Try it
Write out the line with "画像1: 【SALE】MDD/OF:ドレス I-24-11-10-3099-TO-ZI" and every later line through the end of the data below, exactly as given, with no pictures in the copy.

Data segment
##############################
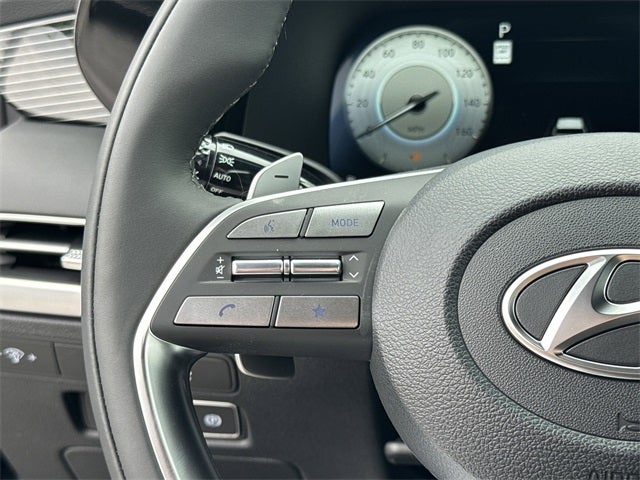 2025 Hyundai PALISADE Calligraphy Night Edition AWD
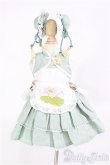 画像1: 【SALE】MDD/OF:ドレス I-24-11-10-3099-TO-ZI (1)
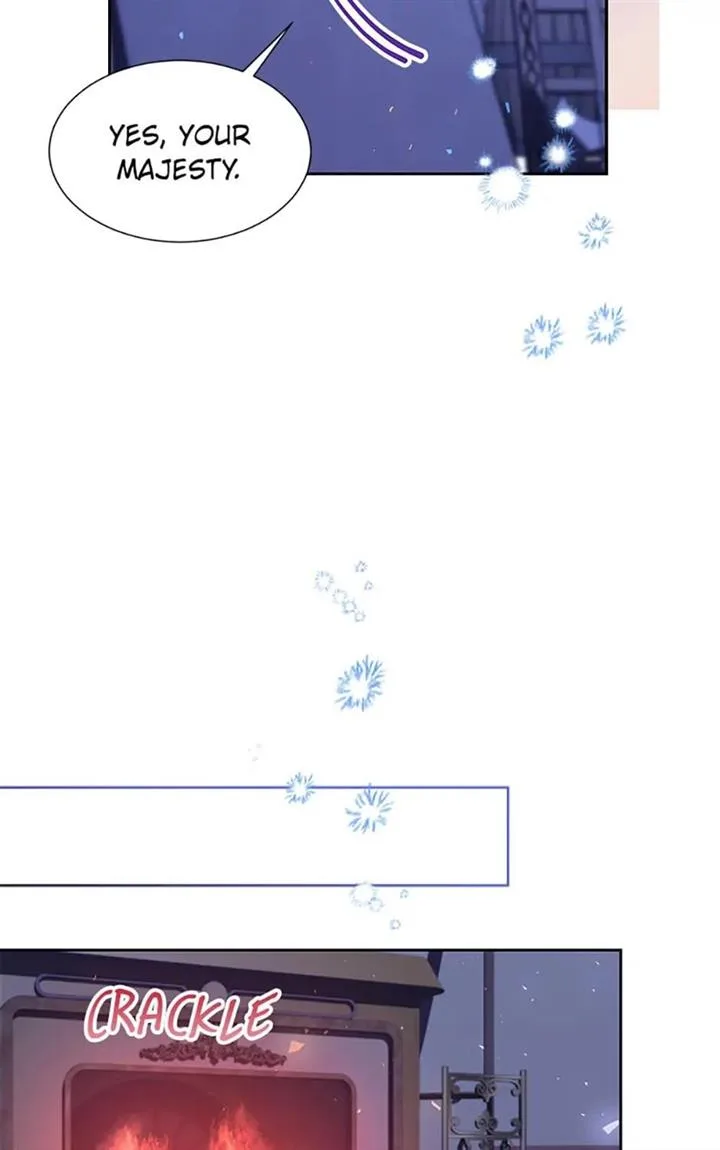 My younger brother forces my flower path Chapter 45 page 41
##############################
Task output
 画像1: 【SALE】MDD/OF:ドレス I-24-11-10-3099-TO-ZI (1)
 My younger brother forces my flower path Chapter 45 page 41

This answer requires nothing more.